I first saw
her in a sunny day of June. She was swimming in the big Atlantic Ocean and sun
had woken up that day only to illuminate her green eyes getting out of the blue
density. She stood up looking to the horizon, like a fallen angel from heaven
trying to distinguish home in the distance. I had to talk to her, that is what
I told myself, but speaking to an angel is not any easy.
My eyes had
taken a photograph, and that photo was her standing by the sea. Unexpectedly I saw her again in a little
restaurant in a remote street of a remote village, alone, drinking a Martini
and dressing a red frock which made her curves a sinuous way to heaven.

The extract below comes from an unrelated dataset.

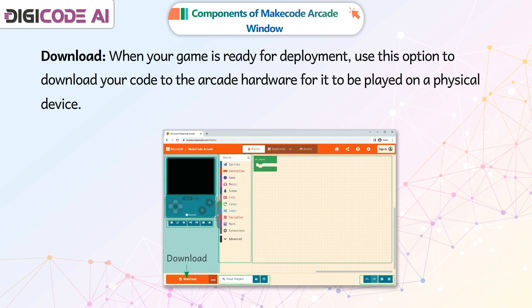When your game is ready for deployment, use this option to download your code to the arcade hardware for it to be played on a physical device.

Chopin’s Nocturne was sounding, creating
a peaceful and calmed atmosphere I am not able to describe. The lights had
conspired with her to make me believe I was dreaming.
That was the
moment. She glanced me and smiled gently; I did the same or I tried so. I
approached to her trying to transmit the security that I did not have. Once in
front, I asked her if she was alone and if I could accompany her all along the
evening. Fortunately she answered me she would be very happy to have dinner
with me, as she was alone. That was not the answer I expected. “Sorry, I am
waiting for my boyfriend”, it was definitely what anyone would have expected
from such a beautiful girl.
We started a
conversation which seemed not to have an end. We both loved Schubert, Neruda
and Pavese. She was having a gap year to write her first book and I was there
to love her, not for a long time.
In the middle
of the night she told me I should forget her as fast as I had fallen in love
with her. Next morning she had gone back to heaven and I went directly to hell.
I still
remember her unique smile and her honey lips. Now that reality, which seemed to
be a dream, is a dream. And now reality is hard to stand without her, without a
guide in the night, without that angel looking to the horizon in a sunny day of
June that stole my heart and flew away.